Russian Army at 'Breaking Point' After Putin's Lyman Defeat: Lt. General

Retired U.S. Army Lieutenant General H.R. McMaster said Sunday that Russia's army may be at the edge of "collapse" after it faced defeat in Lyman—the previously occupied Ukrainian city where Russian forces retreated on Saturday.

The loss in Lyman, which was used as a transportation hub amid Russia's invasion, has been viewed as a major setback for Russian President Vladimir Putin, who just a day before troops withdrew from the city had illegally annexed four regions of Ukraine including Luhansk, Kherson, Zaporizhzhia and Donetsk, the latter in which Lyman is located.

On Saturday, the Ukrainian army forced Russian troops to retreat from the city after surrounding up to 5,000 troops in the strategic location. The Russian Defense Ministry later confirmed that troops "retreated to more advantageous lines."

Appearing on CBS's Face the Nation, host Margaret Brennan asked McMaster about Ukraine's recent victory.

Russian Army at 'Breaking Point:' McMaster
Above, H.R. McMaster attends a joint news conference in the White House on April 3, 2018, in Washington, D.C. The retired U.S. Army lieutenant general said Sunday that Russia's army may be at the edge of "collapse" after it faced defeat in Lyman—the previously occupied Ukrainian city where Russian forces retreated on Saturday. Alex Wong

"What do you see happening, and what do you forecast is Vladimir Putin's next move?" Brennan asked.

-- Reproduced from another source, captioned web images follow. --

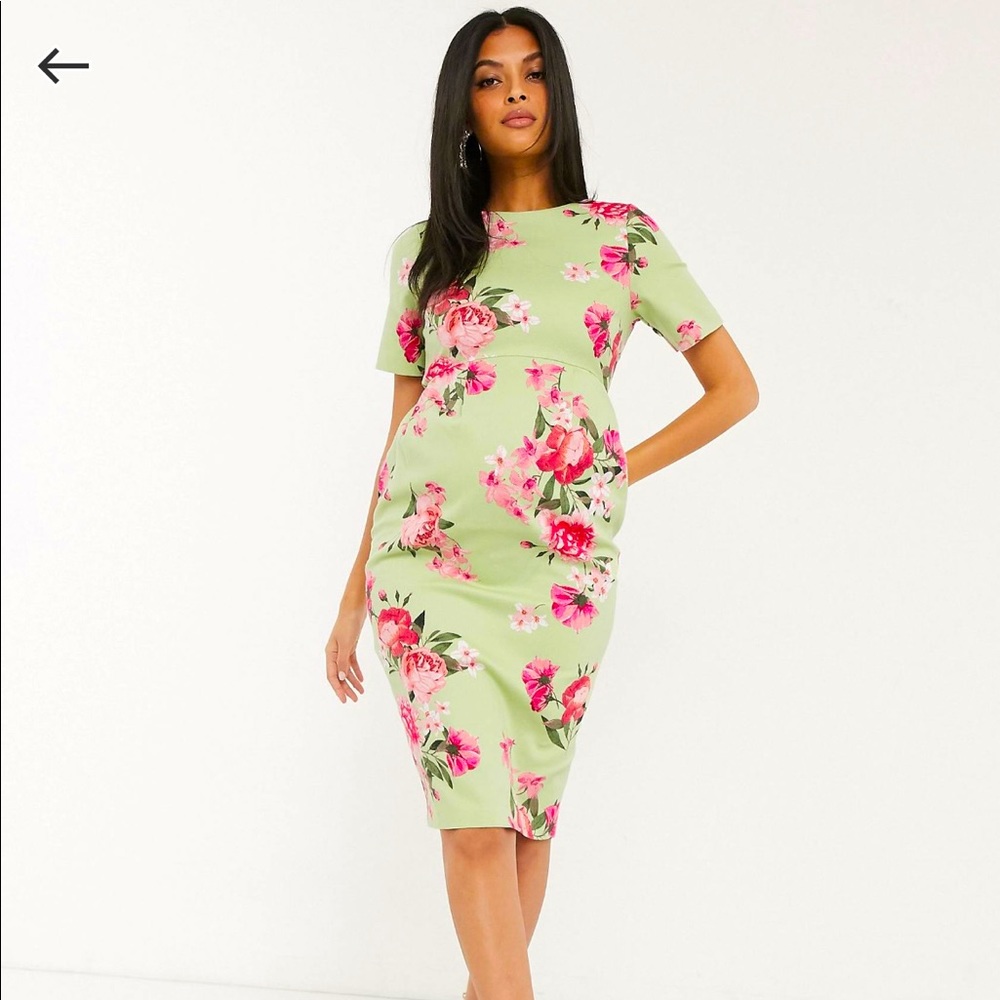 ASOS Maternity Floral Wiggle Dress SZ 2 4 Petite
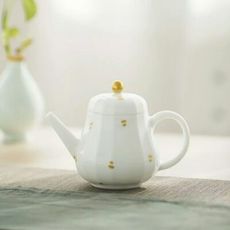 [千紅一品茶]景嵐金絲甜白釉泡茶器撒金寬梨壺 宮廷風泡茶壺茶具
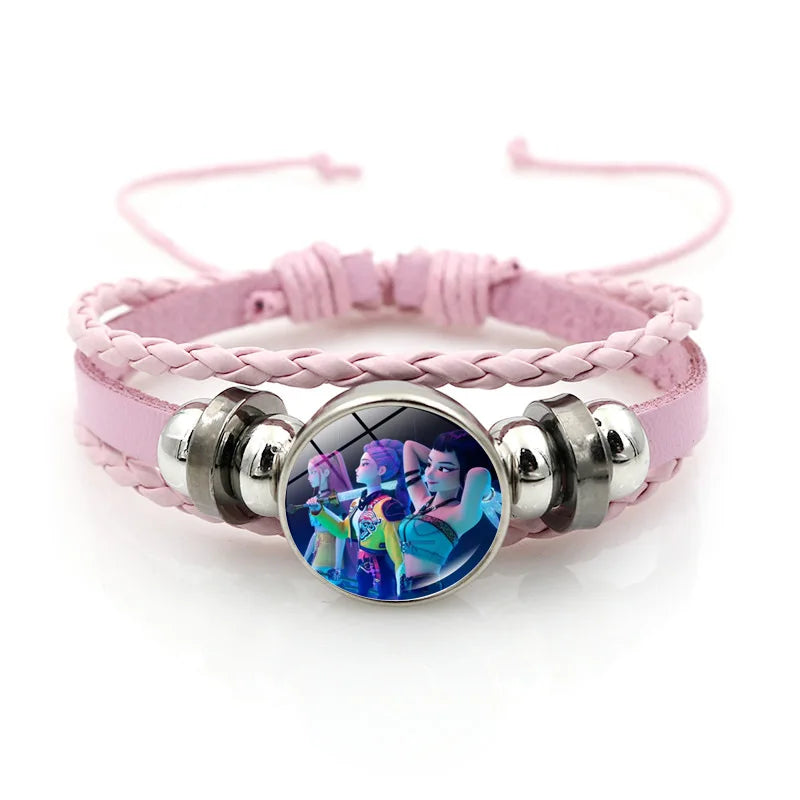 Kpop Demon Hunter Heart Shape Necklaces Idol Anime Pendant with Cartoon Character Pattern Fashion Idol Necklace Jewelry Gifts
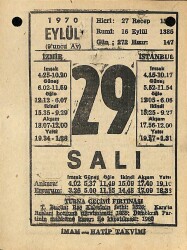 29 Eylül 1970 Takvim Yaprağı - Doğum Günü Hediyesi EFM(N)9905 - 2
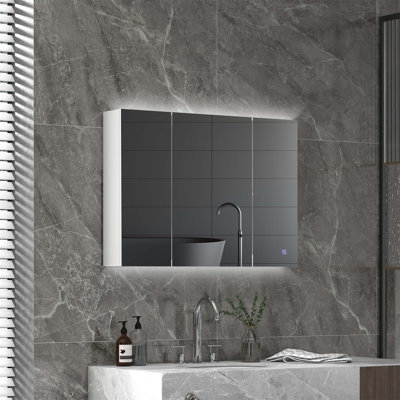 Wall Mounted Bathroom Storage Cabinet, Medicine Cabinet, Modern Bathroom Wall Cabinet with Mirror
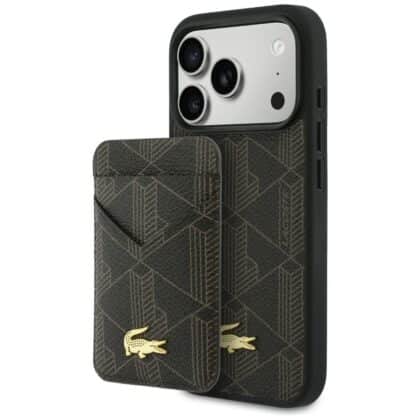 Σετ θήκης + πορτοφολιού Lacoste PVC Blend MagSafe για iPhone 17 Pro καφέ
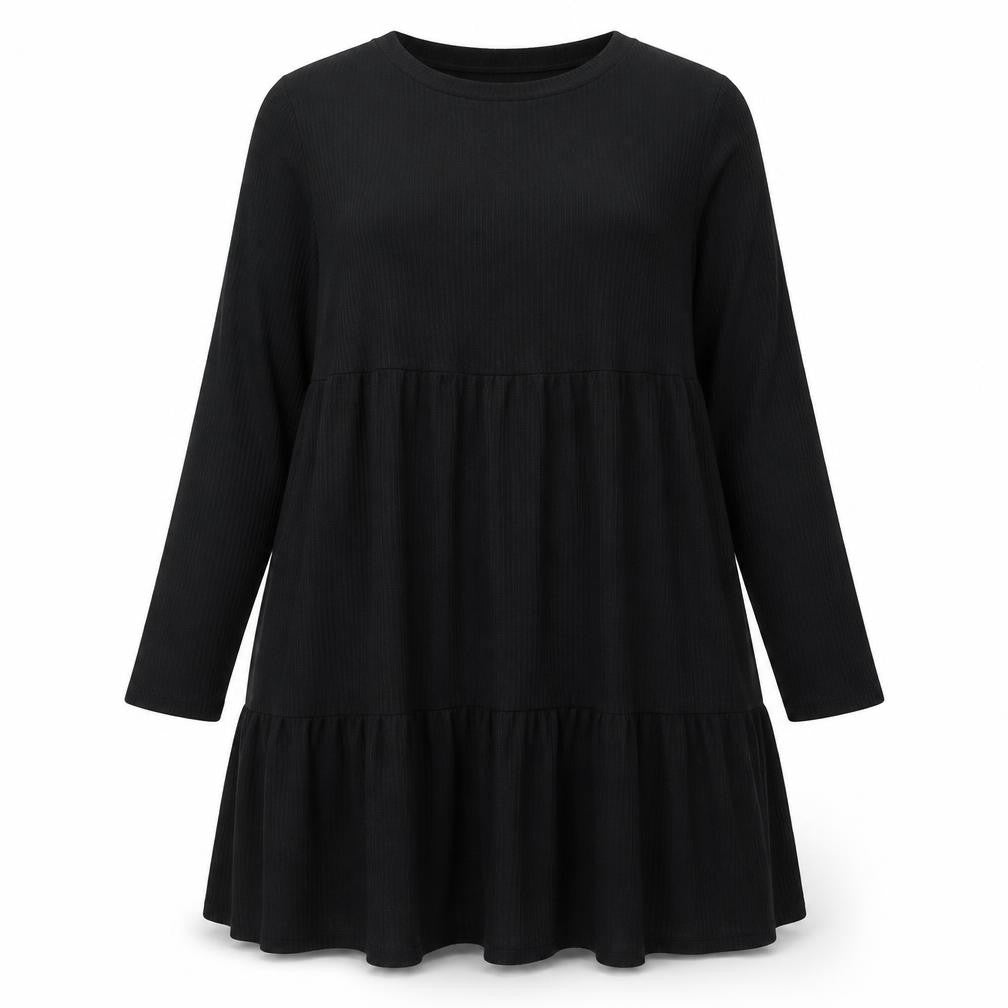 New Look Maternity Womens Black Polyester A-Line Size 18 Round Neck Pullover - Smocked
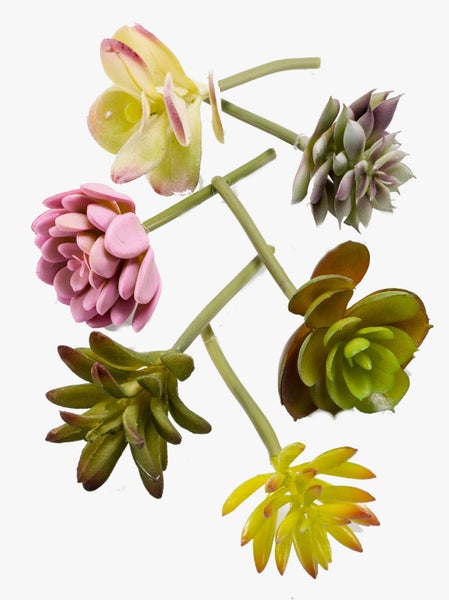 Künstlicher Kirschblütenzweig mit rosa-weißen Blüten und grünen Blättern.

McMaster said he believes that Saturday's success for Ukraine "could turn into a cascading series of defeats of Russian forces," and added that "what we might be at here is really at the precipice of really the collapse of the Russian army in Ukraine, a moral collapse. I think they must really be at a breaking point."

He continued: "If you look at just the numbers of casualties, the vast area that they're trying to defend, and now, of course, Russia is trying to mobilize conscripts and send them to the front untrained. And I think it's very important to also understand that these forces that are in full retreat, now out of Lyman, were really the first round of mobilization."

"Remember when Putin was trying to recruit more and more people with paying about three-times the average wages to get so-called volunteers to go forward, those forces were hastily trained, thrown into that front, and these are the forces that are collapsing just right right now," McMaster said.

In June, Russian military officials began offering Russians three times the national average salary to participate in the war in Ukraine, and began forming units to recruit mercenaries across the country.

Last month, Putin announced a "partial mobilization" of the country—an effort to bring an additional 300,000 Russians with some military training onto the battlefield. The Russian leader said the measure was necessary "to protect the sovereignty, security and territorial integrity of Russia."

In similar comments on Sunday, retired U.S. Army general and former CIA director David Petraeus said that Putin's failures in the war are "irreversible."

"There's no amount of shambolic mobilization, which is the only way to describe it, no amount of annexation, no amount of even veiled nuclear threats, can actually get him out of this particular situation," Petraeus said on ABC's This Week.

Newsweek has reached out to the Ukrainian and Russian defense ministries for comment.